Dalam konteks Islam, menurut Gus Hilmy, tidak ada satu ayat pun dalam Alqur’an yang mengancam agama lain. Ajaran-ajaran Islam meneguhkan umatnya untuk saling bertenggang rasa.
“Bahkan Kanjeng Nabi Muhammad diperintahkan memaafkan kepada orang yang sudah mengkhianatinya. Dan Allah Subhanahu Wata’ala tidak melarang kita untuk berbuat baik kepada orang yang berbuat baik kepada kita meski berbeda keyakinan,” tutur salah satu pengasuh Pondok Pesantren Krapyak tersebut.
Sebagai contoh atas ajaran tersebut, Gus Hilmy mengilustrasikan kehidupan di pondok pesantren. Para santri senantiasa menerapkan prinsip-prinsip toleransi sehingga kehidupan di pondok pesantren senantiasa damai dan kondusif untuk belajar.
“Jadi mari bersyukur karena kita berada dalam pondok pesantren dan diajarkan praktik toleransi secara langsung bersama sesama teman dan santri. Betapa damainya kita jika seluruh kehidupan berbangsa kita memiliki hubungan seperti santri di sini,” pesan anggota Komisi Fatwa MUI Pusat tersebut.
Hadir pula dalam kesempatan tersebut, Wakil Rektor II UIN Sunan Kalijaga, Prof. Dr. Phil. Sahiron Syamsuddin, M.A., Pengasuh PP Ummu Saadah KH. Zaky Muhammad, Lc., dan Dr. Fatma Zuhrotun Nisa, S.Tp., M.P. (Pengasuh PP Ummu Saadah).
Menurut Prof. Sahiron, untuk menjalankan toleransi, dibutuhkan piranti, di antaranya sudah disiapkan oleh negara melalui program moderasi beragama.
“Terdapat empat hal yang harus dilakukan untuk mencapai toleransi, yaitu bersikap terbuka terhadap agama dan aliran yang berbeda, anti-kekerasan, menghormati budaya lokal, komitmen kebangsaan. Sosialisasi empat pilar ini menjadi salah satu sarana komitmen kebangsaan,” papar Guru Besar UIN Sunan Kalijaga tersebut.
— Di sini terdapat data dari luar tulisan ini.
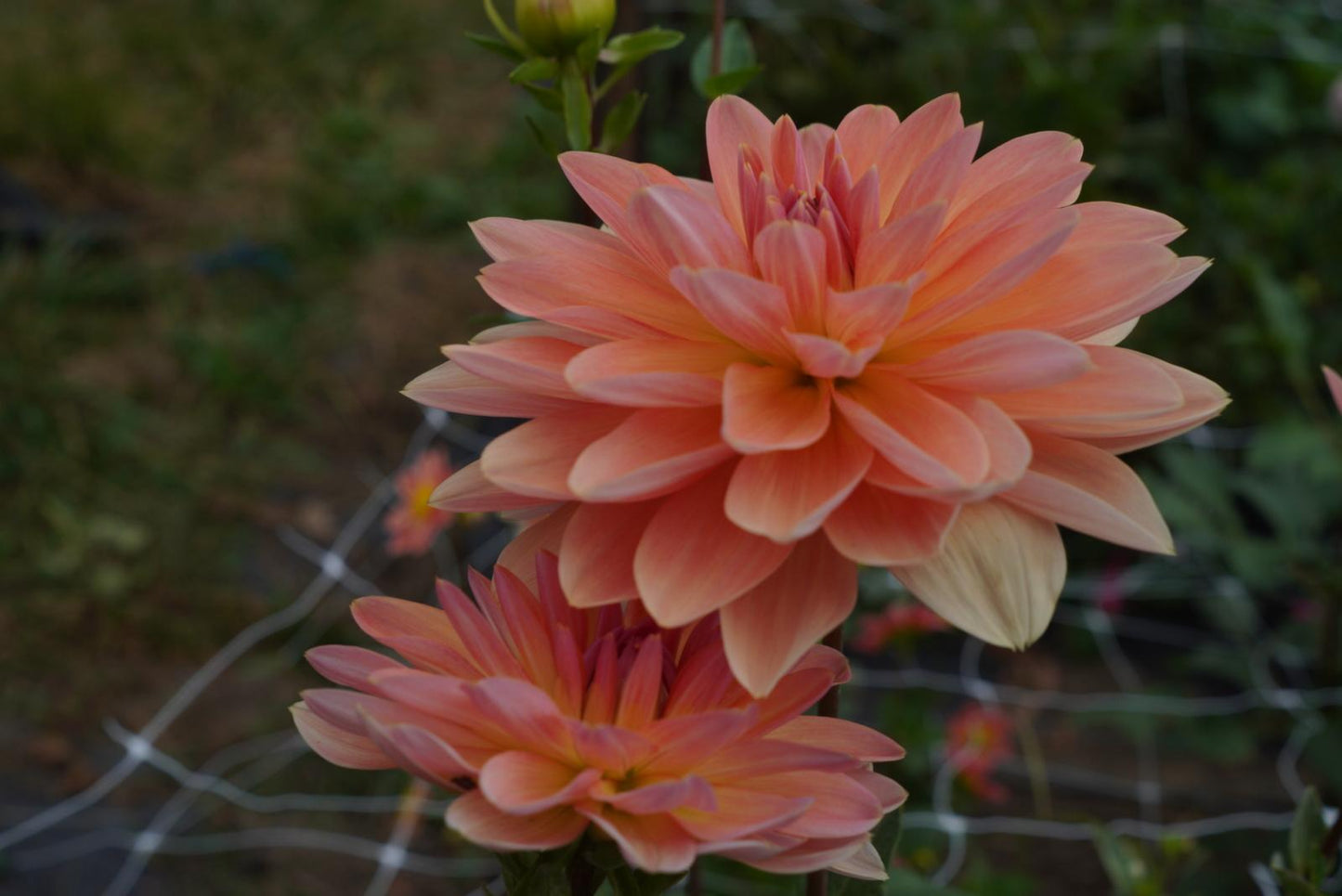 Apricot Desire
Lebih lanjut, Prof. Sahiron menyatakan bahwa indikator toleran dalam sebuah masyarakat telah tercapai jika kita mengakui eksistensi dan menghormati agama, keyakinan, atau aliran lain, saling menjamin hak-hak orang lain, bebas menyampaikan argumentasi, tidak mencaci maki, tidak mengklaim kebenaran eksklusif di ruang publik.
Sementara itu, Nyai Hj. Fatma menyambut baik kegiatan Sosialisasi Empat Pilar MPR tersebut. Menurutnya, kegiatan ini penting diikuti oleh santri sebagai upaya penguatan ideologi santri.
“Materi ini sangat penting untuk kita ketahui dan pahami karena merupakan dasar dari ideologi bangsa kita. Sebagai bagian dari bangsa Indonesia, kita wajib mengetahuinya agar dapat mengamalkan dalam kehidupan sehari-hari. Kita tinggal menyinkronkan ideologi negara dengan ideologi beragama Islam,” kata dosen Gizi Kesehatan UGM itu.